Aprovada em 2015, a resolução 203 do CNJ tem o objetivo de reduzir a desigualdade de oportunidades entre a população afrodescendente na Justiça brasileira. Apesar de 51% da população se definirem pardos ou negros no Judiciário, eles são apenas 15%, de acordo com o Censo do Judiciário – realizado pelo CNJ com magistrados, em 2013.

O ato dispõe sobre a reserva aos candidatos negros de 20% das vagas oferecidas nos concursos públicos para cargos efetivos e de ingresso na magistratura.

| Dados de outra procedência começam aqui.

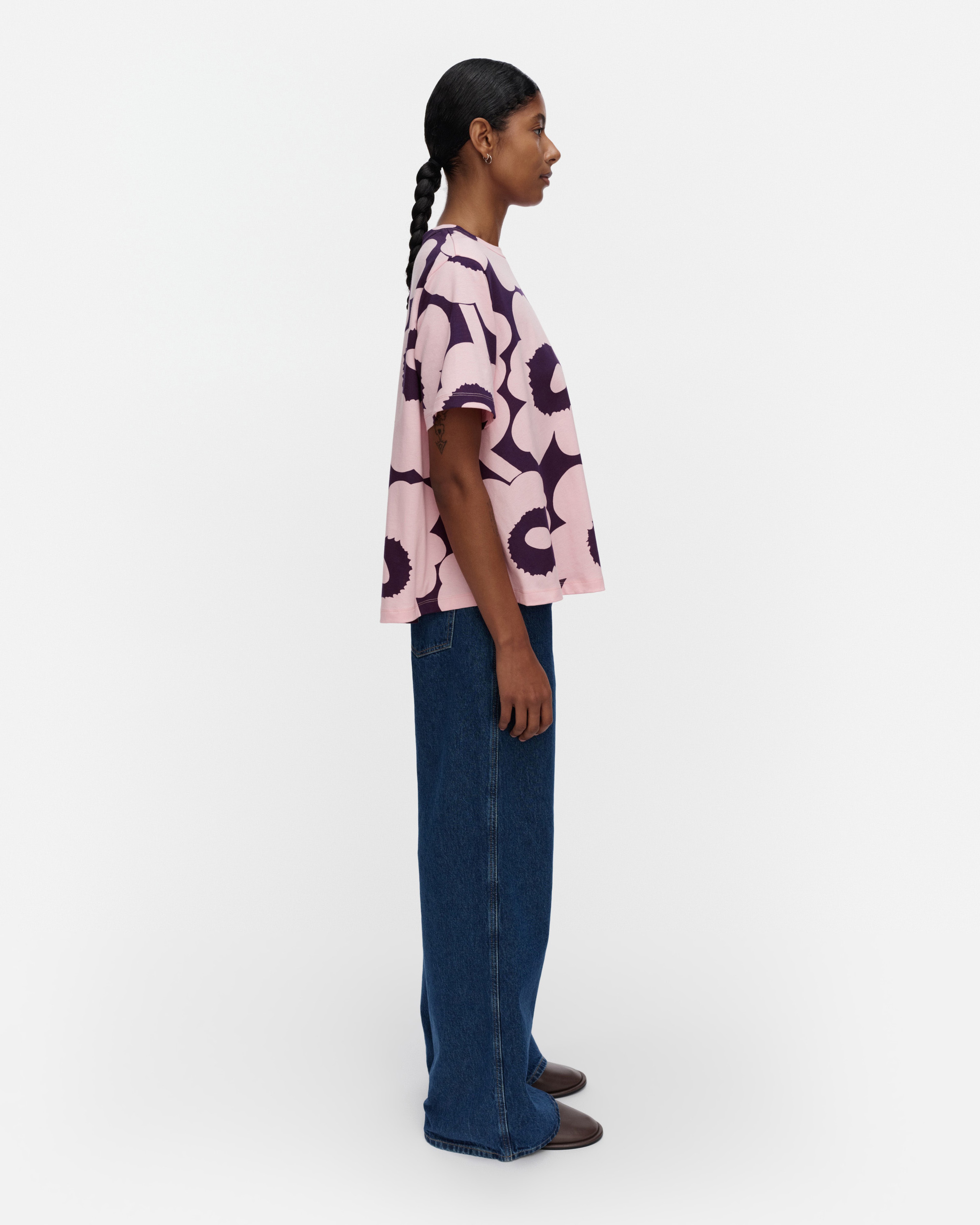 Pisteytys Unikko, Blouse, light pink, dark purple,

O presidente da Comissão Permanente de Eficiência Operacional e Gestão de Pessoas, José Norberto Lopes afirmou que a Resolução 203 é uma forma de resgate da dívida histórica e gigantesca que o Brasil tem com os afrodescendentes. Embora a Resolução aprovada pelo CNJ estabeleça reserva mínima de 20% das vagas para candidatos negros em concursos públicos, esse número pode ser elevado a critério de cada tribunal, que tem autonomia para criar outras políticas afirmativas, de acordo com as necessidades locais.

O prazo para o fim do sistema de cotas no Judiciário é 9 de junho de 2024, quando termina a vigência da Lei 12.990, de 2014. O fim da vigência da lei vai coincidir com a segunda edição do censo do Poder Judiciário, quando será possível rever o percentual de vagas reservadas em cada ramo da Justiça.